All metrics are collected or “scraped” from Targets which can be found in the console at Observe -> Targets. These targets are defined using ServiceMonitor resources.

For example there are ServiceMonitors for Kube State Metrics:

$ oc get servicemonitor/kube-state-metrics -n openshift-monitoring -o yaml | yq e '.spec.selector' -
matchLabels: exporter kube-state-metrics openshift-monitoring

$ oc get services -l -A
NAMESPACE              NAME                 TYPE        CLUSTER-IP   EXTERNAL-IP   PORT(S)            AGE
openshift-monitoring   kube-state-metrics   ClusterIP   None         <none>        8443/TCP,9443/TCP  6d
openshift-monitoring   node-exporter        ClusterIP   None         <none>        9100/TCP           6d

And there are ServiceMonitors that ship with add-on operators like OpenShift Data Foundation:

$ oc get servicemonitors -n openshift-storage
NAME                                              AGE
noobaa-mgmt-service-monitor                       6d
ocs-metrics-exporter                              6d
odf-operator-controller-manager-metrics-monitor   6d
rook-ceph-mgr                                     6d
s3-service-monitor                                6d

Demo: Listing the ServiceMonitors that define the Prometheus targets

📺 ASCII Screencast

Understanding Horizontal Pod Autoscaling

Horizontal pod autoscaling (HPA) has been a feature since the earliest days of OpenShift, but scaling was triggered only by CPU and memory consumption metrics. When the average CPU load of pods in an application reached an identified threshold the Deployment or StatefulSet that created the pod was resized to add more pod replicas. When the load receded, the application was scaled down and the extra pods were terminated.

Unfortunately, those simplistic metrics may not tell the whole story for your application.

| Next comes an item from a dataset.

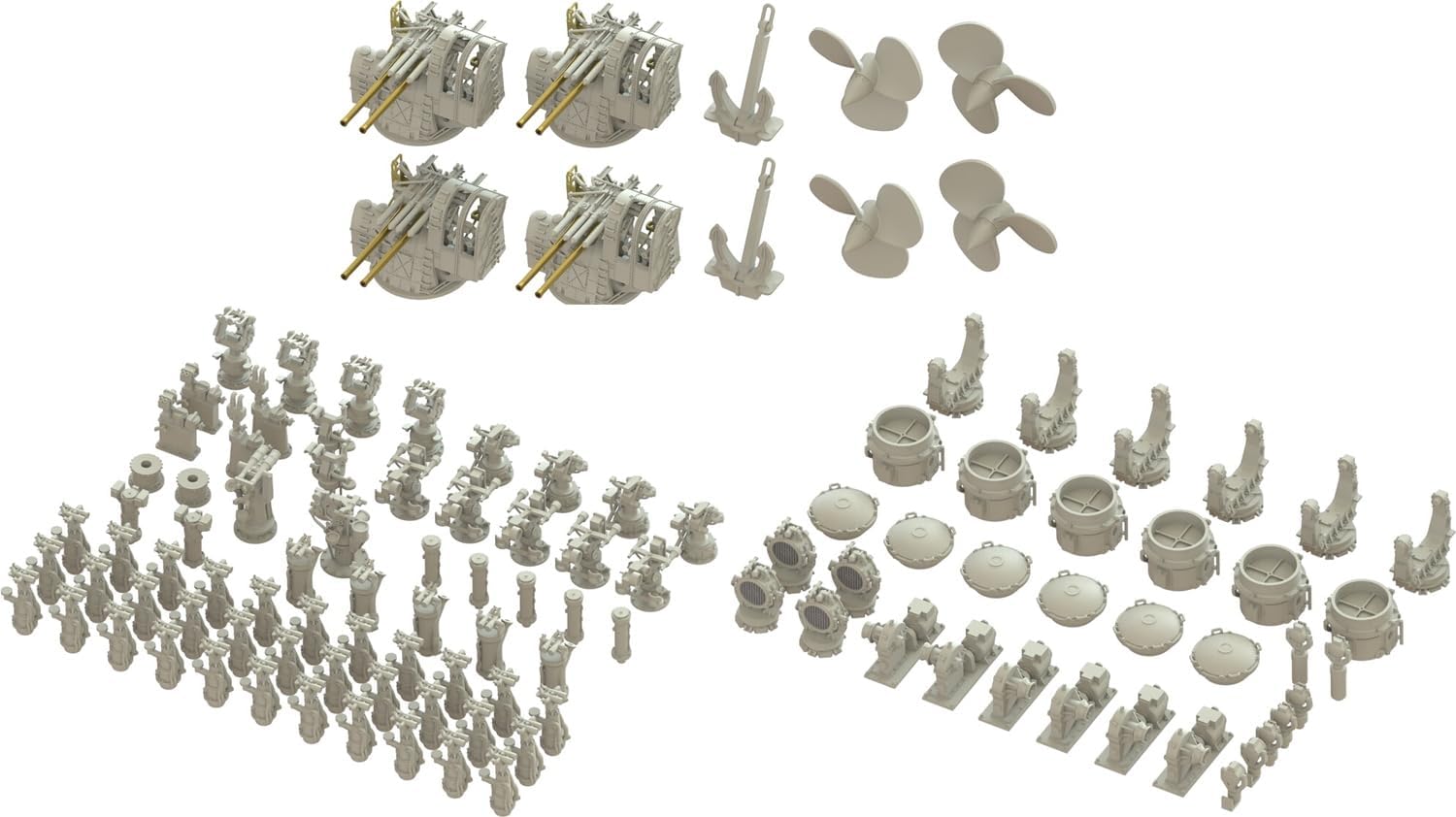 Hasegawa 68063 1/350 IJN Nagato 1941 3D Printed Parts Set (Japan Limited Edition) - Hasegawa Banzai Hobby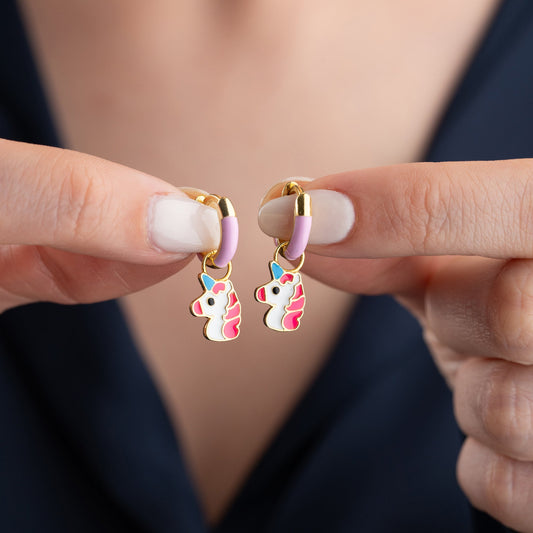 KINDER UNICORN OHRRINGE | 925 SILBER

The OpenShift Custom Metrics Autoscaler operator (CMA) enables you to create your own custom metrics and tailored PromQL queries for scaling. CMA is based on the upstream Kubernetes Event Driven Autoscaling project which makes it possible to trigger on a number of event sources or “Scalers” in the KEDA vernacular. We will use the Prometheus scaler.

⭐ Pro Tip: This may remind you of OpenShift Serverless, but the use case differs. KEDA, for example, will only permit you to scale as low as 1 pod. See Knative versus KEDA


Enabling OpenShift User Workload Monitoring

To begin monitoring our own custom application we must first enable user workload monitoring in OpenShift.

Easy peasy.

Demo: Enabling user workload monitoring

Pro Tip: Use the yq tool to do it with 2 commands

$ oc extract configmap/cluster-monitoring-config \
  -n openshift-monitoring --to=- \
  | yq eval '.enableUserWorkload = true' - > config.yaml

$ oc set data configmap/cluster-monitoring-config \
  --from-file=config.yaml -n openshift-monitoring

Installing OpenShift Custom Metrics Autoscaler Operator

Next, we must install the OpenShift Custom Metrics Autoscaler operator which is built on the KEDA project. In addition to installing the operator, a KedaController operand must be created which will result in the deployment of pods to the openshift-keda namespace.

Demo: Deploying and configuring KEDA using Kustomize:

$ oc apply -k operator
    namespace/openshift-keda created created created created

# checking the status of KEDA
$ oc logs -f -n openshift-keda -l app=keda-operator

Using Custom Metrics Autoscaling

Let’s walk through an example using two applications. One will be the metered app called “prometheus-example-app” which exists only to provide a metric. Imagine this metric describes an amount of work piled up in a queue. The second application called “static-app” actually performs the work, and it will autoscale based on the metric advertised by the metered app.

Enabling Custom Metrics in our Application

Prometheus expects applications to provide a /metrics endpoint which returns data in a format it understands. See the Prometheus docs to get started with instrumenting your application. We’ll use a contrived example app here.

⚠️ Apply the Appropriate Monitoring ClusterRole: Creation of a ServiceMonitor is privileged, so unless you are a cluster admin you may have to request one of the following roles such as monitoring-edit.

  • monitoring-rules-view grants read access to PrometheusRule custom resources for a project.
  • monitoring-rules-edit grants create, modify, and deleting PrometheusRule custom resources for a project.
  • monitoring-edit grants monitoring-rules-edit plus grants creation of new scrape targets for services or pods. This cluster role is needed to create, modify, and delete ServiceMonitor and PodMonitor resources.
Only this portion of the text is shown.